YOUR OBJECTIVE → From first line to last, copy the material below exactly.

::: DATA SHOWN :::

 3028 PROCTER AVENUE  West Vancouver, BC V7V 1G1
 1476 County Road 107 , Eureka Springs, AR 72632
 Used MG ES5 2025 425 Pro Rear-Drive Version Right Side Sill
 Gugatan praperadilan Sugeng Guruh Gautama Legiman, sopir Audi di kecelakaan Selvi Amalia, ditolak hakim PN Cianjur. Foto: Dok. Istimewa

:::

RESPONSE BELOW →
 3028 PROCTER AVENUE  West Vancouver, BC V7V 1G1
 1476 County Road 107 , Eureka Springs, AR 72632
 Used MG ES5 2025 425 Pro Rear-Drive Version Right Side Sill
 Gugatan praperadilan Sugeng Guruh Gautama Legiman, sopir Audi di kecelakaan Selvi Amalia, ditolak hakim PN Cianjur. Foto: Dok. Istimewa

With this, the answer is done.